JPMorgan Chase is preparing to pay its staff around $29 billion in bonuses for their performance last year, it has been reported.
Analysts have said that the world's biggest banks are on course to pay out a record-breaking $65 billion over the next two weeks, with JPMorgan Chase leading the field, reports the Daily Telegraph.
The 28 per cent increase in bonus payouts at JPMorgan Chase reflects the fact that the company has taken on an additional 50,000 members of staff over the past two years, following its acquisitions of Washington Mutual and Bear Stearns.
However, the average bonus payout earned by JPMorgan Chase employees is set to increase considerably, up to more than $130,000 each for 2009 in comparison with around $100,000 for 2008.
Andrew DeSouza of investment banking body Sifma said that the higher figures reflected the improved financial performance of JPMorgan Chase and other Wall Street banks over the last 12 months.
"While the numbers will appear big, the story behind those numbers reflects changes many companies have made," he stated.

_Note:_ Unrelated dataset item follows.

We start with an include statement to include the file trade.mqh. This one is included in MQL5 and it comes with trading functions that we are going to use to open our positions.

"These include a kind of 'pay for performance' that more closely links compensation practices to the long-term success of the company."
But criticism from the public and politicians is already gathering before Wall Street banks officially announce their bonus payouts.

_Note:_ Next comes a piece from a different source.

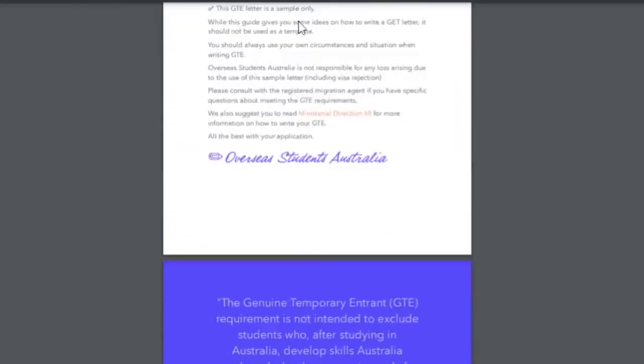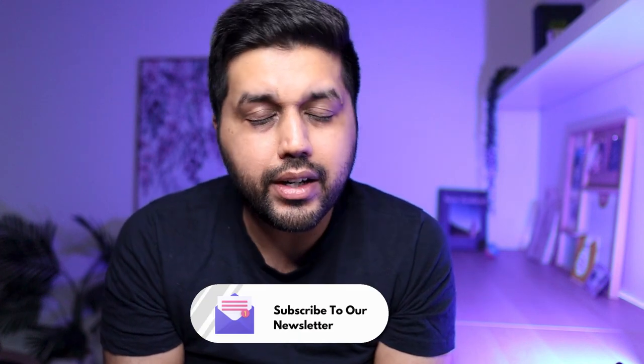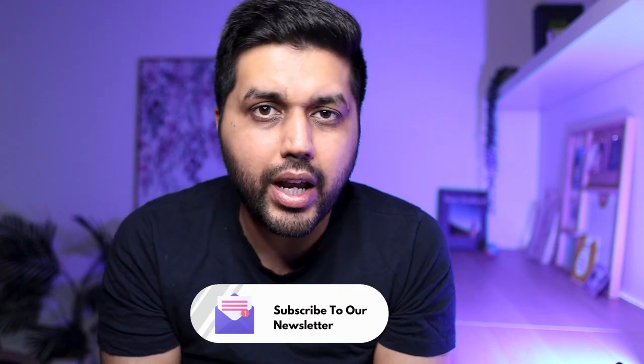There is no specific format, but there is a sample GTE statement available on the website — you can download it from the description below. The word limit is around 500 words in the sample, so you may need to adjust which things are relevant. The sample will also be updated in the coming weeks, so subscribe to the newsletter to receive it as soon as it's available.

Earlier this week, Christiana Romer, head of the White House Council of Economic Advisers, told CNN that people were likely to be nonplussed by any claims that this year's bonuses are deserved.

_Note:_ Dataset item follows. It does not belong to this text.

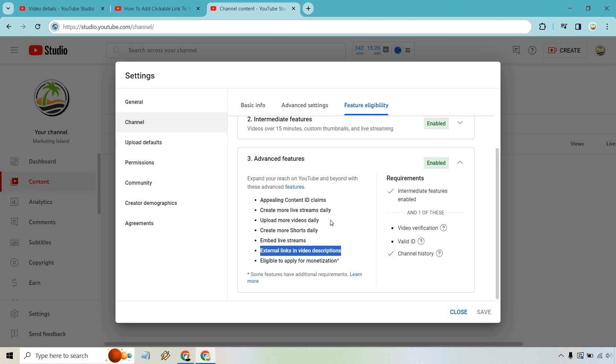This is a big reason why I think a lot of individuals in the past were saying I did the HTTPS, but I still weren't able to add external links that are clickable. This is going to be why this needs to be enabled. As it says right here, you need intermediate features enabled. And with this, you get video verification. You need a valid ID and of course, channel history. So that's going to be the main important thing here.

"This big bonus season ... is going to offend the American people. It offends me," she said.
"You would certainly think that the financial institutions that are now doing a little bit better would have some sense."
She said that while the financial sector was undoubtedly important to the American economy, it was "ridiculous" that large sums were to be paid out to those in banking jobs following the state bailouts received by many organisations.